**Work to be completed**
Please set down only the lines below starting with the line with "travisrwade — FansOnlyX creator profile" and going on through the line with "Getaway with Pool", verbatim and without pictures.

Top of Given information

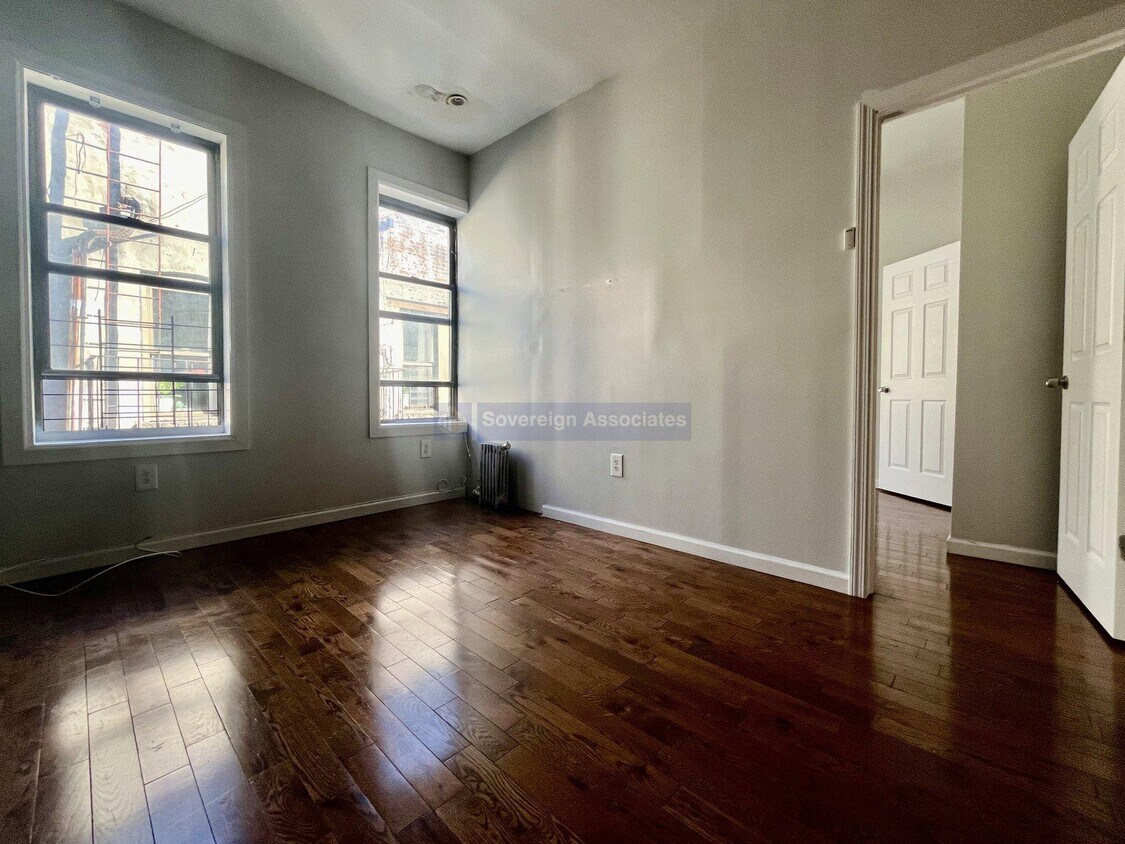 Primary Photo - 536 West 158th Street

Bottom of Given information
Top of Given information

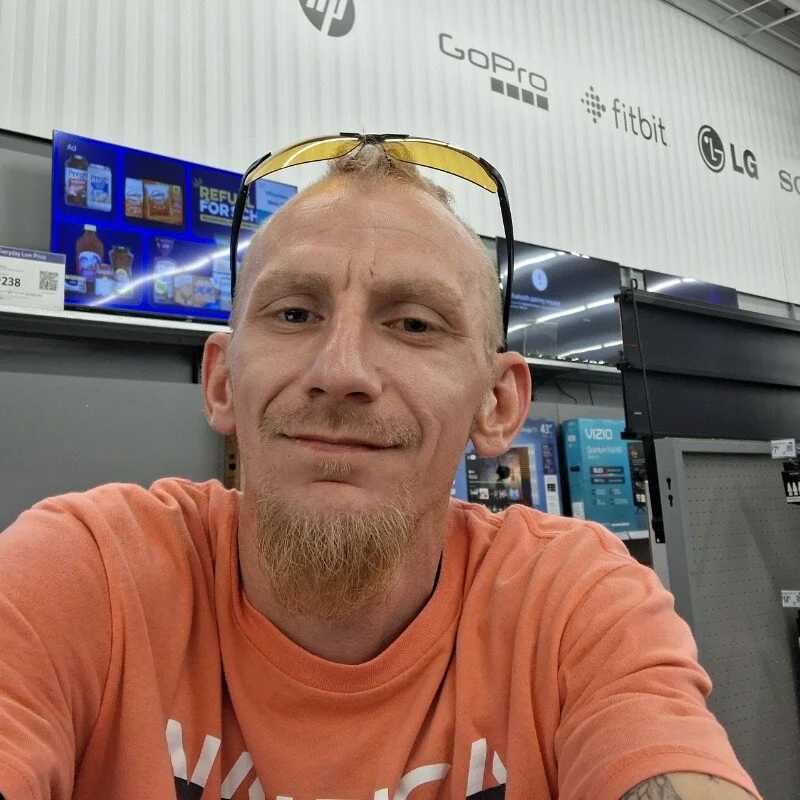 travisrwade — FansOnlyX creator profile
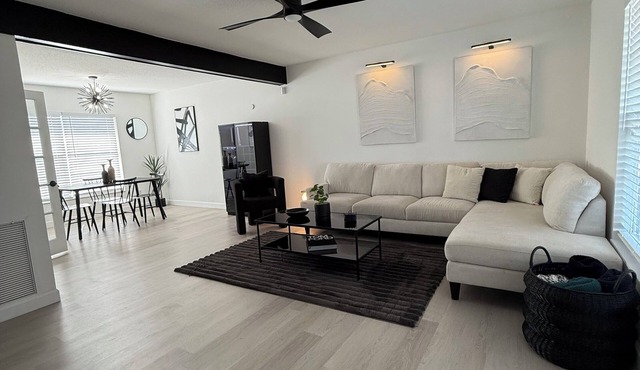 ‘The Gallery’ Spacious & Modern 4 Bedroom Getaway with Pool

Bottom of Given information
Top of Given information

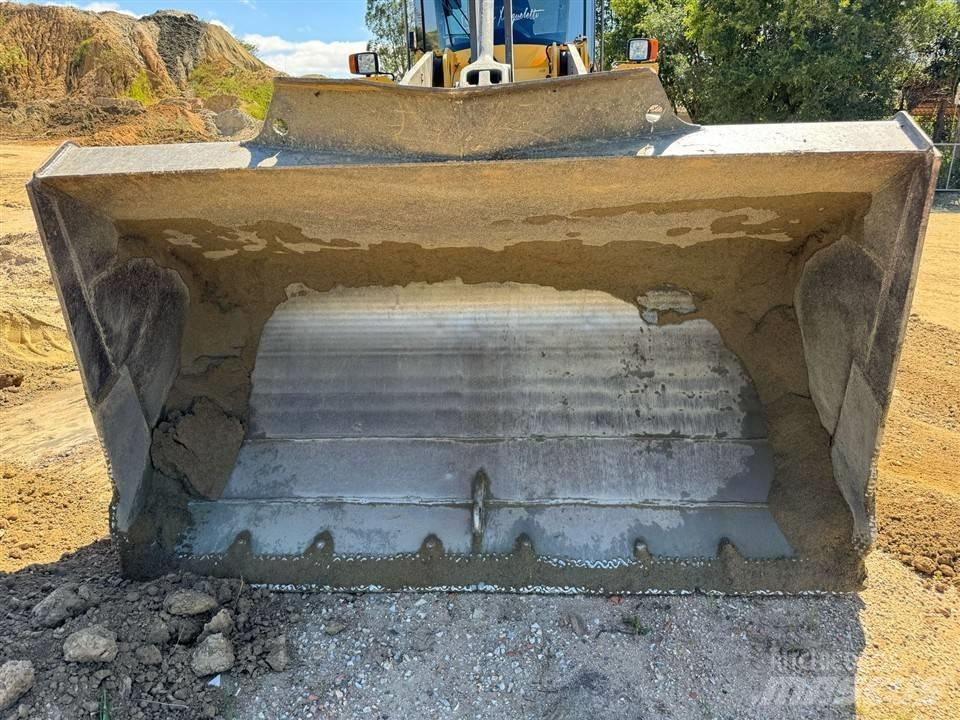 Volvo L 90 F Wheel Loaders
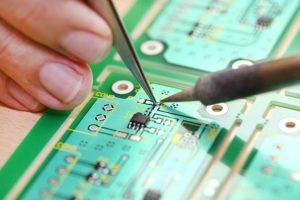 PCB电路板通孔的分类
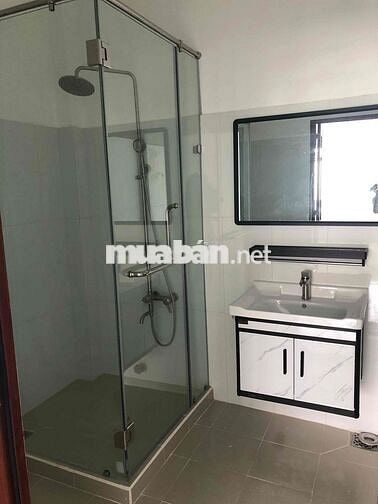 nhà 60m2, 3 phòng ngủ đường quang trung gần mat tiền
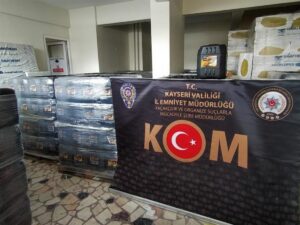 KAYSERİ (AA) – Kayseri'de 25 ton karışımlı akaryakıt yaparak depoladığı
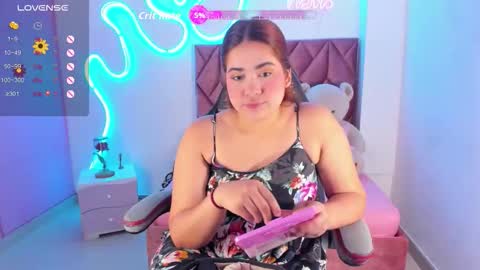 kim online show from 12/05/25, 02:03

Bottom of Given information

**Task answer**
 travisrwade — FansOnlyX creator profile
 ‘The Gallery’ Spacious & Modern 4 Bedroom Getaway with Pool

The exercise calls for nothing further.